**PROBLEM DESCRIPTION**: Produce again, without any change, the lines running from the one with "ChemSpider 2D Image" through the final line of the data below, and only those.
Top of DATASET EXCERPTS
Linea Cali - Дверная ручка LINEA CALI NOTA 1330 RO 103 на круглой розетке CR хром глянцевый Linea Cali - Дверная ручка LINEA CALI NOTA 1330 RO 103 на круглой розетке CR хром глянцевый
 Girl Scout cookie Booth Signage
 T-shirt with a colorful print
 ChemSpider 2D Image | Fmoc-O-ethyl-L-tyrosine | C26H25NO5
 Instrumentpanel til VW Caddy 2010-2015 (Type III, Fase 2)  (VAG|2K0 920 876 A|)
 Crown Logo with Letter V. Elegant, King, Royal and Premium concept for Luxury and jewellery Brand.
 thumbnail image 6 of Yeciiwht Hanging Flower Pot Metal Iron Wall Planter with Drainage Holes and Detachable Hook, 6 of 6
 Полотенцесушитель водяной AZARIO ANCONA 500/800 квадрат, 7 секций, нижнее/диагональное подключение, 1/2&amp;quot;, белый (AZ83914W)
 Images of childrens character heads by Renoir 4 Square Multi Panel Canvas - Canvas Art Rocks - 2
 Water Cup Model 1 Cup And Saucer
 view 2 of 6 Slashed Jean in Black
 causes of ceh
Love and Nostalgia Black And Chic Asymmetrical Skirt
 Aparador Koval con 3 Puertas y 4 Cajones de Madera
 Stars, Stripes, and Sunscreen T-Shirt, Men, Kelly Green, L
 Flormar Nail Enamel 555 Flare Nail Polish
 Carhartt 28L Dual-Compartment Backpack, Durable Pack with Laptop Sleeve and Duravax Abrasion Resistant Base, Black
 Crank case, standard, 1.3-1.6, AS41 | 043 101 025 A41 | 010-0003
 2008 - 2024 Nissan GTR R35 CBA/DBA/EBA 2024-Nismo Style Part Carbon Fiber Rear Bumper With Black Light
Bottom of DATASET EXCERPTS
**WRITTEN ANSWER**:
 ChemSpider 2D Image | Fmoc-O-ethyl-L-tyrosine | C26H25NO5
 Instrumentpanel til VW Caddy 2010-2015 (Type III, Fase 2)  (VAG|2K0 920 876 A|)
 Crown Logo with Letter V. Elegant, King, Royal and Premium concept for Luxury and jewellery Brand.
 thumbnail image 6 of Yeciiwht Hanging Flower Pot Metal Iron Wall Planter with Drainage Holes and Detachable Hook, 6 of 6
 Полотенцесушитель водяной AZARIO ANCONA 500/800 квадрат, 7 секций, нижнее/диагональное подключение, 1/2&amp;quot;, белый (AZ83914W)
 Images of childrens character heads by Renoir 4 Square Multi Panel Canvas - Canvas Art Rocks - 2
 Water Cup Model 1 Cup And Saucer
 view 2 of 6 Slashed Jean in Black
 causes of ceh
Love and Nostalgia Black And Chic Asymmetrical Skirt
 Aparador Koval con 3 Puertas y 4 Cajones de Madera
 Stars, Stripes, and Sunscreen T-Shirt, Men, Kelly Green, L
 Flormar Nail Enamel 555 Flare Nail Polish
 Carhartt 28L Dual-Compartment Backpack, Durable Pack with Laptop Sleeve and Duravax Abrasion Resistant Base, Black
 Crank case, standard, 1.3-1.6, AS41 | 043 101 025 A41 | 010-0003
 2008 - 2024 Nissan GTR R35 CBA/DBA/EBA 2024-Nismo Style Part Carbon Fiber Rear Bumper With Black Light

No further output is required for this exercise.